Copying back to ourselves the sequenced flicks of the wrist and pointing of fingers, our feet took directions to the automatic gates guarding the train platforms dressed in the per Sorrento baby-blue stripes putting us back on track.

Behind our triumph, another pocket of swarming travellers hum and buzz and shout in chaotic lines outside three ticket windows. A different station official guides D and I to the smallest of the queues. ‘Pompeii Scavi?’ I say slow and loud in uncertain ignorance attempting a native pronunciation. The bored man behind the glass says nothing but beckons for money to be pushed through the bowl at the base of the pane. I have no idea how much the tickets cost, nor did we have the time to sit and work it out. Bibbing ourselves through the gates and glancing down more stairs at the platform, D breathes out a low and drawn out ‘Oh shit’.

Below us is a sea of people. Crammed, sweaty, tinned sardines all expectantly waiting. Hoicking the suitcase down a flight of stairs in efficient synchronicity, we meet the fringes of our next battle. Again I lead, threading through the masses, stopping every third or fourth step to check on D and see if she wants to swap. She’s fine.

I secure us a spot on the platform with a little breathing room, eyeing the old display board hanging above us which displayed Sorrento ‘It’s the next one’ I say.

A tall girl steps through the mobs surrounding us. Wearing a white broderie anglaise midi-dress, she stood out as a gulp of sartorial oxygen amongst the denim shorts and rhinestone belly tops favoured by the gaggles of Italian teenagers that makes up large portions of the crowd. ‘Excuse me’ she says in a soft lilted accent of America’s deep south. ‘Does the next train from here go to Sorrento?’ D and I stare at her for a silent beat, momentarily transfixed by how strikingly beautiful she is amongst the drab dinge of the platform. I first notice her skin; Disney-princess pale and impossibly clear, save for a constellation of freckles scattered across her nose and cheeks. Her face is sweetly cherubic; the likes only usually seen perfectly preserved hanging in a museum bought to life by expert glowy brush strokes of Renaissance masters. Dark auburn-red hair tied into a long bouncy ponytail swishes behind her as she talks. ‘Yeah, we think so’ D smiles.

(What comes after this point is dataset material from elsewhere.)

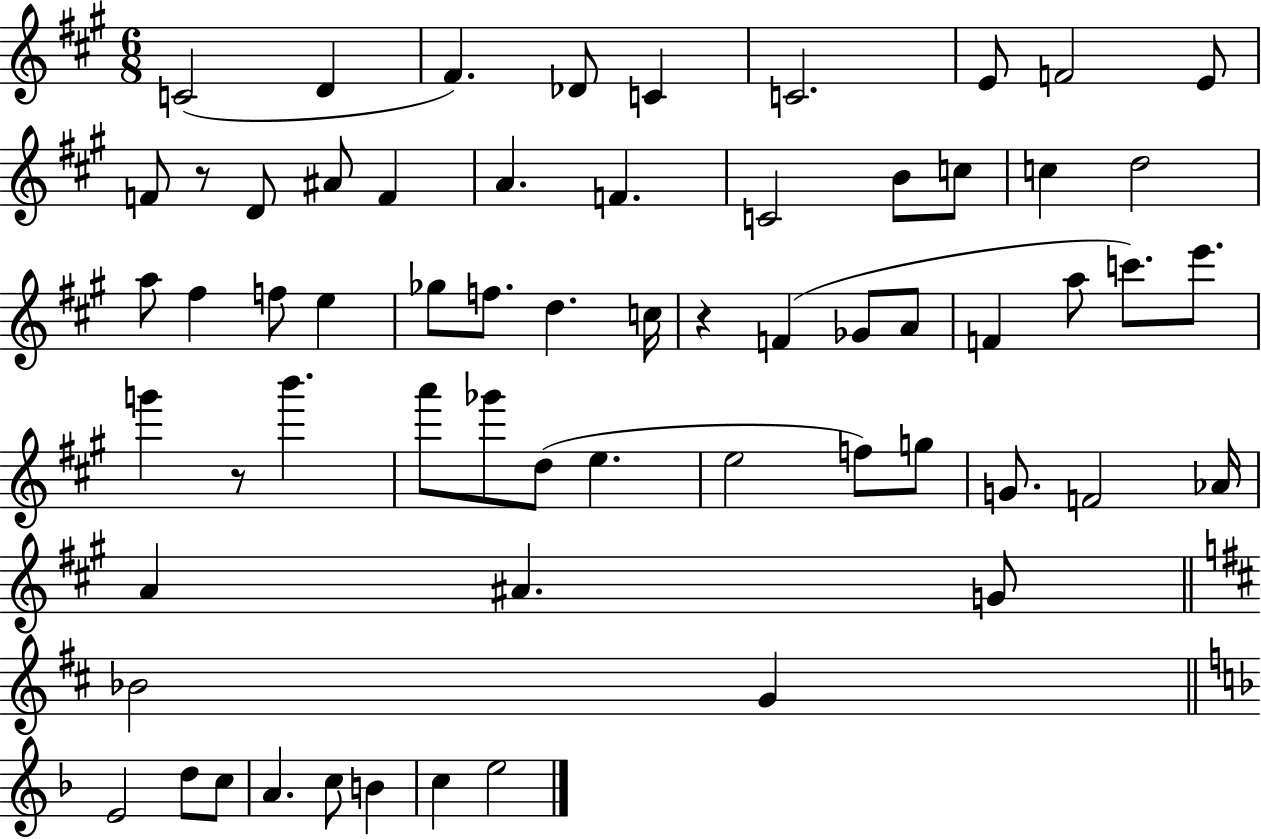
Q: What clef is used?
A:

The Tall Girl smiles back and continues picking her way down the horde, pure white and red flash against the dull muted mass of other travellers. An approaching train whooshes more clammy sour air into the platform hall as I watch The Tall Girl disappear, thinking she looks too clean to be taking a grimy train from Naples on what appeared to be her own.

‘No Sorrento’ a woman calls above the rumble of the train as she shakes her head in conversation with another woman. My ears prick, breaking the spell gazing after The Tall Girl and turn my attention to the two ladies in front of me. ‘No Sorrento’, she shouts and shakes her head again.

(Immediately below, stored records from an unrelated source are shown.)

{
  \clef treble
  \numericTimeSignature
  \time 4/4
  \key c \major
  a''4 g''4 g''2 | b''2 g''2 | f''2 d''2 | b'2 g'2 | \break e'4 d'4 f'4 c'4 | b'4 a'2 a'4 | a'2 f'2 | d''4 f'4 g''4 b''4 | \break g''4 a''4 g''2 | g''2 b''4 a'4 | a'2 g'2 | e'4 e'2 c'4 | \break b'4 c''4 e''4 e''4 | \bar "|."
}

Fuck. I panic we’ve just lead a woman travelling by herself to an impending doom of Taken-style proportions or worse. I consider battling through the crowds to get to her but they’re too dense to push through. An incoherent mumble comes from the platform speakers, barely audible above the noise from below. Maybe that was something about this train not being for Sorrento?

I really hope so, as I can’t see The Tall Girl in the now thinned out pack of people left over from the departing train.

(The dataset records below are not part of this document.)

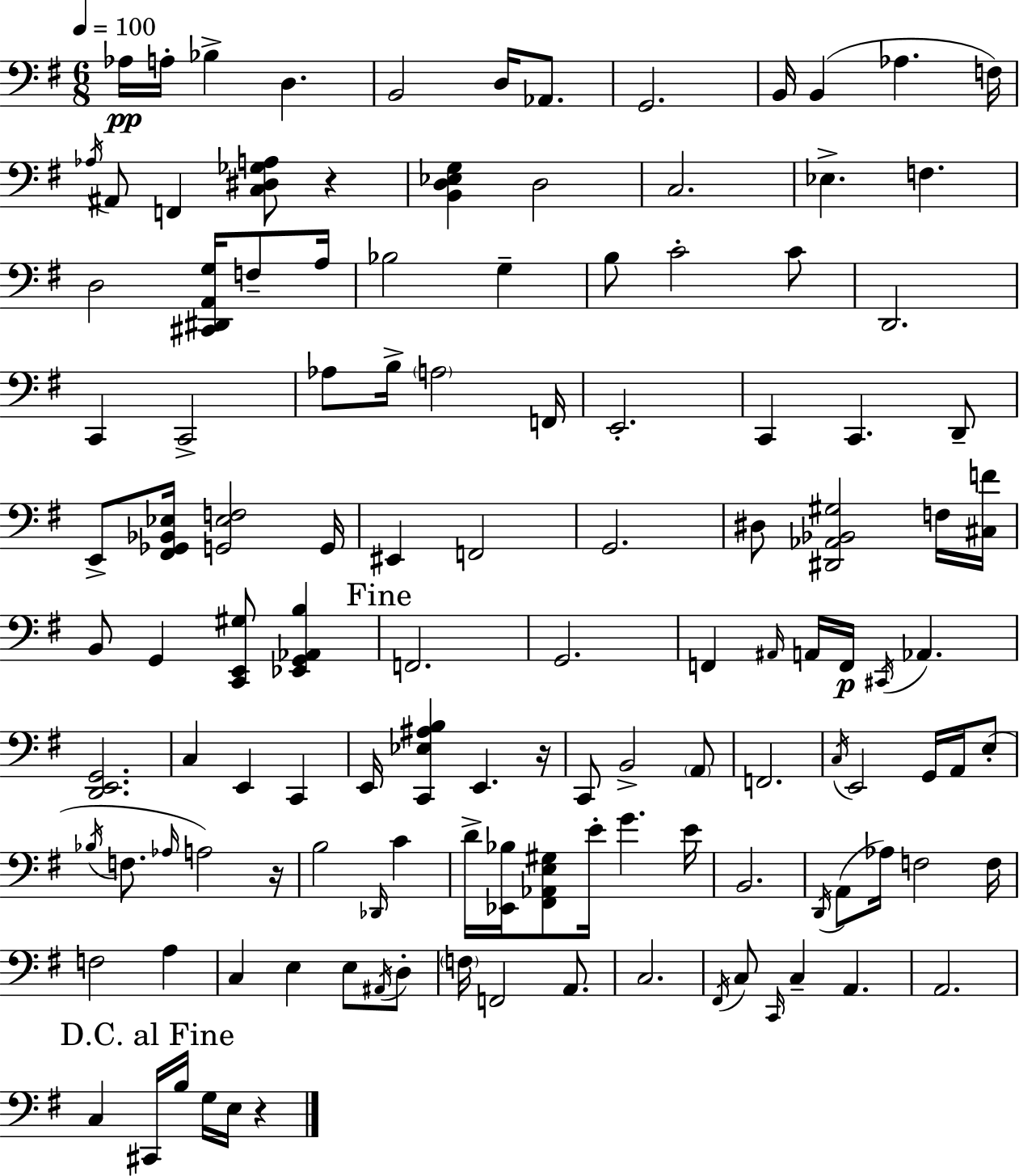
{
  \clef bass
  \numericTimeSignature
  \time 6/8
  \key e \minor
  \tempo 4 = 100
  aes16\pp a16-. bes4-> d4. | b,2 d16 aes,8. | g,2. | b,16 b,4( aes4. f16) | \break \acciaccatura { aes16 } ais,8 f,4 <c dis ges a>8 r4 | <b, d ees g>4 d2 | c2. | ees4.-> f4. | \break d2 <cis, dis, a, g>16 f8-- | a16 bes2 g4-- | b8 c'2-. c'8 | d,2. | \break c,4 c,2-> | aes8 b16-> \parenthesize a2 | f,16 e,2.-. | c,4 c,4. d,8-- | \break e,8-> <fis, ges, bes, ees>16 <g, ees f>2 | g,16 eis,4 f,2 | g,2. | dis8 <dis, aes, bes, gis>2 f16 | \break <cis f'>16 b,8 g,4 <c, e, gis>8 <ees, g, aes, b>4 | \mark "Fine" f,2. | g,2. | f,4 \grace { ais,16 } a,16 f,16\p \acciaccatura { cis,16 } aes,4. | \break <d, e, g,>2. | c4 e,4 c,4 | e,16 <c, ees ais b>4 e,4. | r16 c,8 b,2-> | \break \parenthesize a,8 f,2. | \acciaccatura { c16 } e,2 | g,16 a,16 e8-.( \acciaccatura { bes16 } f8. \grace { aes16 } a2) | r16 b2 | \break \grace { des,16 } c'4 d'16-> <ees, bes>16 <fis, aes, e gis>8 e'16-. | g'4. e'16 b,2. | \acciaccatura { d,16 }( a,8 aes16) f2 | f16 f2 | \break a4 c4 | e4 e8 \acciaccatura { ais,16 } d8-. \parenthesize f16 f,2 | a,8. c2. | \acciaccatura { fis,16 } c8 | \break \grace { c,16 } c4-- a,4. a,2. | \mark "D.C. al Fine" c4 | cis,16 b16 g16 e16 r4 \bar "|."
}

Five minutes later, another vacuum of rotten wind charges into the platform hall. This is the train to Sorrento. The carriage is heavy with humidity and sweat and people. D and I cram ourselves and our case into a far corner, next to the doors on the opposite side from where we get on. We are both firmly stuck under separate pairs of damp male armpits.

To escape the unpleasant view at my eye level, I twist my head towards the back of the car. White and red immediately pulls my interest – there she is. The Tall Girl was safely on the right train and sat in a seat facing away from me. The back of her gleaming dress and shiny hair, a beacon once more in a sea of drab. ‘Oh thank God’. I nudge D and point her out in relief.

The journey rattles through 13 stations before Pompeii. The pressure of passengers taking up the car slowly drains away with each stop. The armpits are gone too and we can both breathe a little better.

‘Pompeii Scavi’ is melodically announced over the tannoy.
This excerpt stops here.